SUPPLIED DATA →
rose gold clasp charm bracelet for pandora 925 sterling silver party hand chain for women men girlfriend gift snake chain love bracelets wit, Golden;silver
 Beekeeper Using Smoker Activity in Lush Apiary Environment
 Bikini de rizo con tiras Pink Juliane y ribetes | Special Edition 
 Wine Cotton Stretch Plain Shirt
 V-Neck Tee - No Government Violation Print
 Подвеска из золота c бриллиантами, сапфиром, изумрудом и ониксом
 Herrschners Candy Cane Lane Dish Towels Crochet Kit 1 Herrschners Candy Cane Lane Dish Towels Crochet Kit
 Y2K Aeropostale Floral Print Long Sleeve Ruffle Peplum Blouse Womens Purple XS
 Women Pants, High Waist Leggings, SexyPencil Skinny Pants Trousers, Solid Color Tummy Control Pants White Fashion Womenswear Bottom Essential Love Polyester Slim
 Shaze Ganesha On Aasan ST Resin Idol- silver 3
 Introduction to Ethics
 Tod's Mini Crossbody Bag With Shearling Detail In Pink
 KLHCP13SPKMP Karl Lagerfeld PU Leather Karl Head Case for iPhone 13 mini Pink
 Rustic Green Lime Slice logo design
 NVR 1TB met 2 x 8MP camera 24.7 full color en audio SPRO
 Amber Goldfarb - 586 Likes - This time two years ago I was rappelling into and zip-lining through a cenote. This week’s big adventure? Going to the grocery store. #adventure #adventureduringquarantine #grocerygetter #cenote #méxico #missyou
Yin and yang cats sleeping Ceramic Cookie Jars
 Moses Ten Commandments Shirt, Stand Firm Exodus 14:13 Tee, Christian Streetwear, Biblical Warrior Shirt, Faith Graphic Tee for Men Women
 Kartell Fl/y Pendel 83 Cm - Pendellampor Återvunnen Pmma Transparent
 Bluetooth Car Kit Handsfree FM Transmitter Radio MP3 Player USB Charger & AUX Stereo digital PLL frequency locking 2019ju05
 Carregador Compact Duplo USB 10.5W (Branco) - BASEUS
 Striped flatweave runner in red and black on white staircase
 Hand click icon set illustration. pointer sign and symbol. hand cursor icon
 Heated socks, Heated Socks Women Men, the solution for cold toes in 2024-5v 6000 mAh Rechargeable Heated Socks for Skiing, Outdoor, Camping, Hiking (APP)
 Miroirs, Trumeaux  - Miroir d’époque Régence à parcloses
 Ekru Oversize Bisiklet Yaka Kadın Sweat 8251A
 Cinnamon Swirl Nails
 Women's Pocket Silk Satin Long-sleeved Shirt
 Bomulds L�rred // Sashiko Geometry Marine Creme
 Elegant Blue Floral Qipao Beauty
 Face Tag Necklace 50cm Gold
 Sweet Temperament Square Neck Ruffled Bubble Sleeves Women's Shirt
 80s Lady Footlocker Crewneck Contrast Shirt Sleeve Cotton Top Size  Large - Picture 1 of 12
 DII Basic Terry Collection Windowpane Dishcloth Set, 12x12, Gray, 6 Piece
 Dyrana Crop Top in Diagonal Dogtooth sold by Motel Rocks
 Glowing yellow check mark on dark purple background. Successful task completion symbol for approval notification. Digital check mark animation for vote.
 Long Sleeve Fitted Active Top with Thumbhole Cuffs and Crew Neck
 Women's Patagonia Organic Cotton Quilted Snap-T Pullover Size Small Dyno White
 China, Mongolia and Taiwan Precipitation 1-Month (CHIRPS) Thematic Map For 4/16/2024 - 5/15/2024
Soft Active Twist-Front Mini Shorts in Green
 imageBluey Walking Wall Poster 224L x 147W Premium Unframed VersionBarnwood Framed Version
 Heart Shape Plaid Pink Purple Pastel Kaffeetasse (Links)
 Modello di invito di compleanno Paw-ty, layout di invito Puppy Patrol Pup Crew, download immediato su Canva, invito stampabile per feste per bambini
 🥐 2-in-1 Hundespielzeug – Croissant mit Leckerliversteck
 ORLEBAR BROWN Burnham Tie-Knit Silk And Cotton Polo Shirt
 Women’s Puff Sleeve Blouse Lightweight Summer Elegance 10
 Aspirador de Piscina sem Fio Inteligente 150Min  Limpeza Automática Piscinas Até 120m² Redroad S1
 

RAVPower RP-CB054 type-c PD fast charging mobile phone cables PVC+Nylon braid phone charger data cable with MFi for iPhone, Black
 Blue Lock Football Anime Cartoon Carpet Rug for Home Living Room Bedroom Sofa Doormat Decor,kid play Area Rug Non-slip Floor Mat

WORK TO BE COMPLETED →
Output, unchanged, only the lines from the one that holds "China, Mongolia and" through the last line of the material above.

EXERCISE ANSWER →
 China, Mongolia and Taiwan Precipitation 1-Month (CHIRPS) Thematic Map For 4/16/2024 - 5/15/2024
Soft Active Twist-Front Mini Shorts in Green
 imageBluey Walking Wall Poster 224L x 147W Premium Unframed VersionBarnwood Framed Version
 Heart Shape Plaid Pink Purple Pastel Kaffeetasse (Links)
 Modello di invito di compleanno Paw-ty, layout di invito Puppy Patrol Pup Crew, download immediato su Canva, invito stampabile per feste per bambini
 🥐 2-in-1 Hundespielzeug – Croissant mit Leckerliversteck
 ORLEBAR BROWN Burnham Tie-Knit Silk And Cotton Polo Shirt
 Women’s Puff Sleeve Blouse Lightweight Summer Elegance 10
 Aspirador de Piscina sem Fio Inteligente 150Min  Limpeza Automática Piscinas Até 120m² Redroad S1
 

RAVPower RP-CB054 type-c PD fast charging mobile phone cables PVC+Nylon braid phone charger data cable with MFi for iPhone, Black
 Blue Lock Football Anime Cartoon Carpet Rug for Home Living Room Bedroom Sofa Doormat Decor,kid play Area Rug Non-slip Floor Mat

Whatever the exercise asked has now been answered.